A perfectly Grilled Ribeye is one of life’s greatest delicious pleasures, and this easy recipe yields juicy, tender, flavorful results every single time!

I haven’t ordered a steak at a restaurant in years. In decades, really. I’d much rather enjoy our own Grilled Ribeye recipe at home – it’s my absolute favorite. As with this Grilled T-Bone Steak Recipe, the credit for today’s grilled ribeye goes to my husband Blake. It includes our family’s signature Steak Seasoning, which is just unique enough to make you grab for just one more bite, just one more bite… We’re so happy to share our easy-peasy and incredibly flavorful method with you!
What Makes This the Best Grilled Ribeye Recipe
Whether it’s Sweet and Smoky Grilled Salmon, Grilled Mini Sweet Peppers with Goat Cheese, or this grilled ribeye, Blake’s grilling recipes are favorites around here — in our home and with our readers!
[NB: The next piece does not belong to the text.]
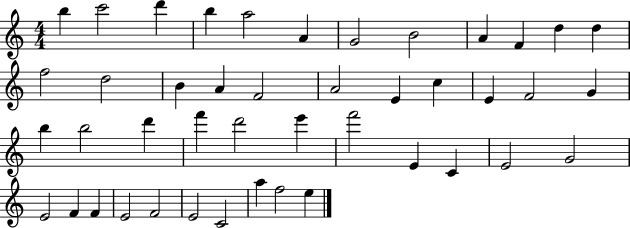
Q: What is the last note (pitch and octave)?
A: E5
Here’s what makes this steak such a hit.
- Tender and juicy. Grilling ribeye quickly over high heat yields the best results, offering a gorgeous sear that locks in all the juices of the tender beef steak.
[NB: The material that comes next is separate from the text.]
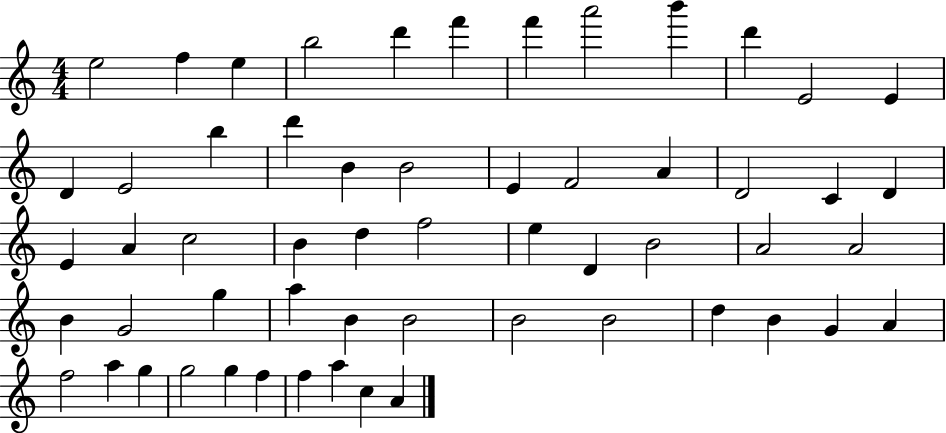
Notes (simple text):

E5/h F5/q E5/q B5/h D6/q F6/q F6/q A6/h B6/q D6/q E4/h E4/q D4/q E4/h B5/q D6/q B4/q B4/h E4/q F4/h A4/q D4/h C4/q D4/q E4/q A4/q C5/h B4/q D5/q F5/h E5/q D4/q B4/h A4/h A4/h B4/q G4/h G5/q A5/q B4/q B4/h B4/h B4/h D5/q B4/q G4/q A4/q F5/h A5/q G5/q G5/h G5/q F5/q F5/q A5/q C5/q A4/q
- Quick and easy. Building from that last point, these steaks are done with just 7 minutes on the grill! Even incorporating the prep and resting time, grilled ribeye is done FAST, with very little effort.
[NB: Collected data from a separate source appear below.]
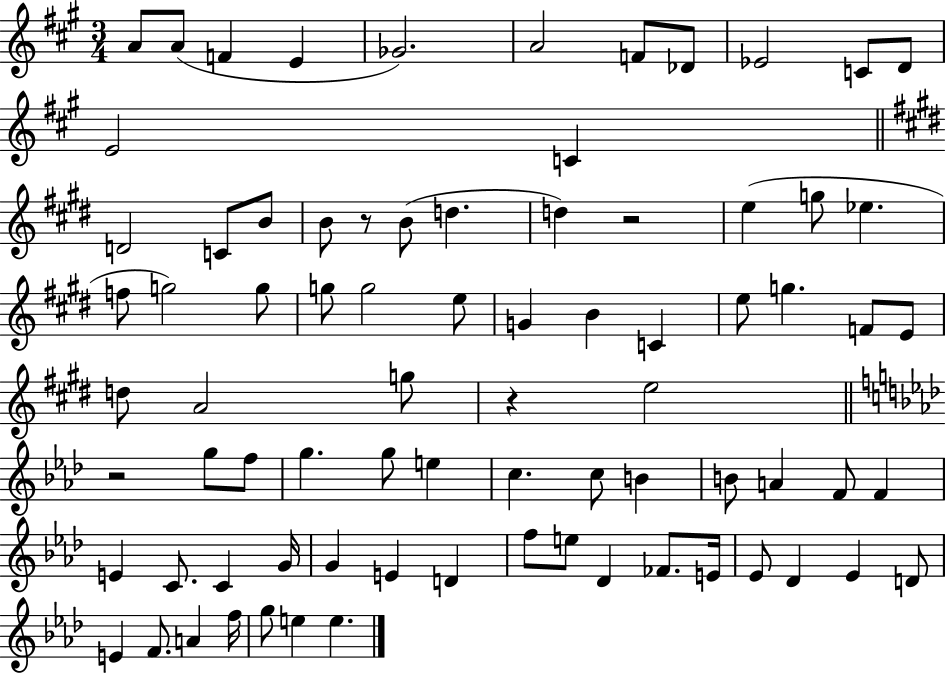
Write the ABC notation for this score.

X:1
T:Untitled
M:3/4
L:1/4
K:A
A/2 A/2 F E _G2 A2 F/2 _D/2 _E2 C/2 D/2 E2 C D2 C/2 B/2 B/2 z/2 B/2 d d z2 e g/2 _e f/2 g2 g/2 g/2 g2 e/2 G B C e/2 g F/2 E/2 d/2 A2 g/2 z e2 z2 g/2 f/2 g g/2 e c c/2 B B/2 A F/2 F E C/2 C G/4 G E D f/2 e/2 _D _F/2 E/4 _E/2 _D _E D/2 E F/2 A f/4 g/2 e e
- The best seasoning. This recipe incorporates our family’s favorite steak seasoning, and I highly recommend that you mix it up. I’m not exaggerating when I say that every single time we serve this grilled ribeye recipe to guests, it gets rave reviews. The flavors are stellar, with herbal notes, toasted onion, kicky black pepper, and large pops of coarse gray sea salt.

What You’ll Need
Not only are grilled steaks one of life’s greatest pleasures, they’re also one of life’s simplest pleasures: you only need 3 ingredients to make this recipe! Scroll down to the printable recipe card to find the exact ingredient quantities and full recipe instructions.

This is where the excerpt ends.